I am getting a serialization error on the client call complaining about known types. Am I just missing some metadata markup in that client class? I'm at a loss as to where to even know the problem even lies, as I've tried all the searches I can think of and no one seems to have dealt with this specific scenario.

Basically, I want ClientDataClass to serialize to <IDataContract><MyProperty>client data</MyProperty></IDataContract> and then be able to deserialize that into a ServerDataClass instance. This seems like it should be possible.

回答1:

If your data contracts are interfaces WCF can't know what object to instantiate for an incoming request. There is no need for the class to be the same as in the service, after all the Add Service Reference reads the WSDL and generates new classes based on the type info in the WSDL.



回答2:

This blog gives me the right direction to find the solution for my problem. Actually I have exactly the same scenario like sliderhouserules describes in his post.

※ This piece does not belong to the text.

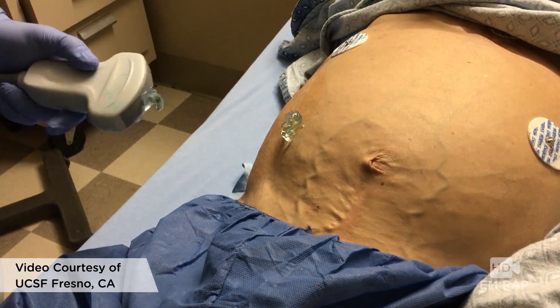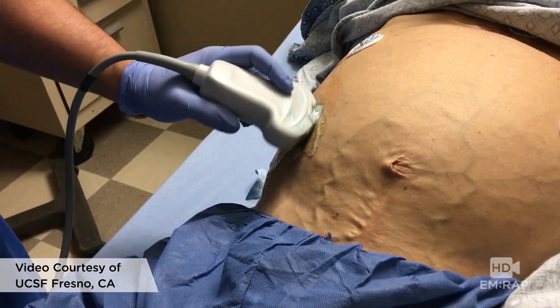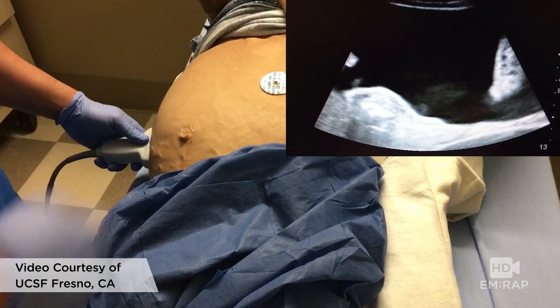To do a therapeutic paracentesis, first take a look with the ultrasound and find a pocket of fluid that looks safe. Avoid those superficial veins and important stuff like bowel and omentum. If you turn the patient slightly towards you, the bowel will float up, and use whichever lower quadrant looks better on ultrasound.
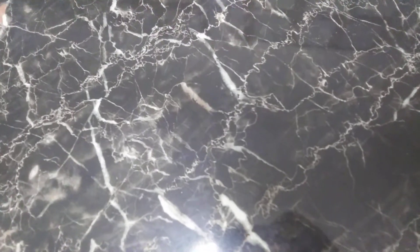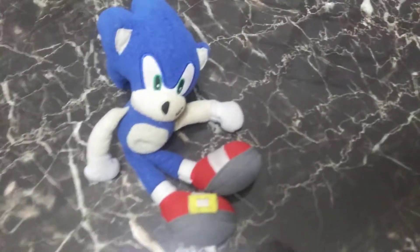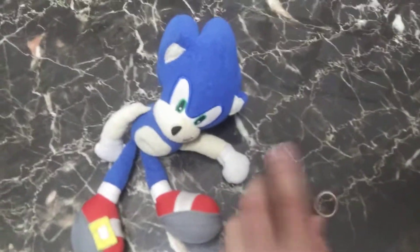Hey guys, what's up? It's The Amazing Sonic Show here and today I'm gonna show you how to make your own The Amazing Sonic Show plush. First up you need a Sonic plush, number two you need any ring — you can get any ring.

But in my scenario I can't use any abstract or base class to inherit from. So I used a TypesHelper class to read the dataContractSerializer section by myself and pass the relevant types to the WCF service.

namespace ExampleNamespace
{
  public interface IJustAInstance { }

  [ServiceContract]
  [ServiceKnownType("GetKnownTypes", typeof(ExampleNamespace.TypesHelper))]
  public interface ICreateInstance
  {
    IJustAInstance CreateInstance();
  }

  public static class TypesHelper
  {
    public static IEnumerable<Type> GetKnownTypes(ICustomAttributeProvider provider)
    {
      DataContractSerializerSection section = (DataContractSerializerSection)
        ConfigurationManager.GetSection(
        "system.runtime.serialization/dataContractSerializer");
      if (dataContractSerializerSection != null)
      {
        foreach (DeclaredTypeElement item in dataContractSerializerSection.DeclaredTypes)
        {
          foreach (TypeElement innterItem in item.KnownTypes)
          {
            Type type = Type.GetType(innterItem.Type);
            if (typeof(IJustAInstance).IsAssignableFrom(type ))
              yield return type;
          }
        }
      }
    }
  }
}


回答3:

You could create a BaseContract that your ClientContract and ServerContract can provide (as property) and that you can use in the respective constructor when creating new instances of the ClientContract or ServerContract. Then you only have to add the BaseContract to your shared lib.